President Jacob Zuma won overwhelming support for a second term as leader of South Africa’s ruling African National Congress, while tycoon Cyril Ramaphosa is the frontrunner to become his deputy, party nomination results show.
Zuma won 82 percent of the votes for nomination as party leader from seven of the nine provinces, while his current deputy, Kgalema Motlanthe, took 18 percent, according to a tally of results. Ramaphosa, a former labor leader, received 65 percent support in the contest to become ANC vice president. The numbers aren’t final because the 4,500 delegates at a Dec. 16-20 leadership conference may cast individual ballots free of nomination preferences.

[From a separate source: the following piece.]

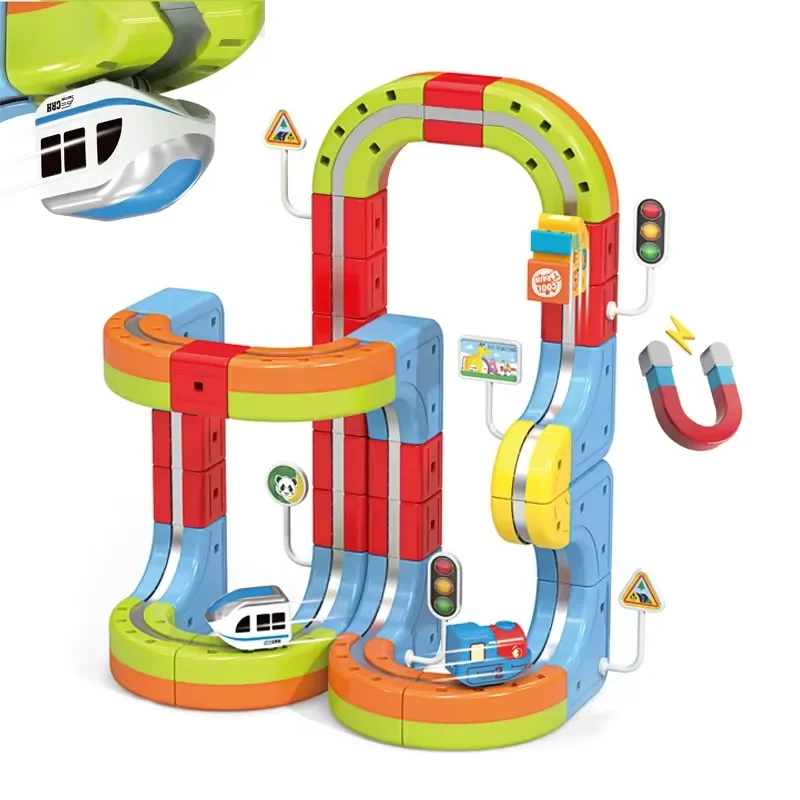 High Speed Electric DIY Magnetic Track Building Blocks Suspended Rail Set Cube Train Construction Kit Educational STEM Toy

“Zuma will carry the nomination fairly easily,” Mari Harris, a Johannesburg-based political analyst at the Ipsos Markinor research company, said in a Nov. 30 phone interview. “Delegates are carefully selected. There is careful planning and loading of the electoral colleges in the different provinces.”
A former ANC intelligence operative, Zuma, 70, won control of the party from Thabo Mbeki five years ago after graft charges against him were withdrawn, and was appointed the nation’s president in May 2009. He’s retained support within the ANC even as his administration battles to cut a 26 percent unemployment rate and contain the fallout of mining strikes that curbed growth and contributed to two debt-rating downgrades.
“Zuma is in a relatively strong position countrywide to remain in power,” Daniel Silke, author of “Tracking the Future: Top Trends That Will Shape South Africa and the World,” said in a Nov. 30 phone interview from Cape Town. “Any alternate candidate would need to be reasonably certain that he stands a chance of defeating Zuma, otherwise his own political career could come to a very sudden halt.”
Motlanthe, a 63-year-old former labor union leader, told reporters in Pretoria on Nov. 30 that he’s “still agonizing” over a decision whether to run against Zuma at the conference in the central city of Bloemfontein.
Whatever his decision, Motlanthe faces the danger of being dropped from the party leadership altogether. The provincial nominations show him trailing both Zuma for party president and Ramaphosa, who helped negotiate the end of apartheid and is now South Africa’s second-richest black businessman, for vice president.
Ramaphosa, 60, hasn’t said if he will accept the nomination, while Motlanthe may yet boost his 19 percent share of the vote to retain his position if he declines to challenge Zuma for the top job. Whoever wins will be in a position to be the nation’s president when Zuma’s second five-year term ends in 2019.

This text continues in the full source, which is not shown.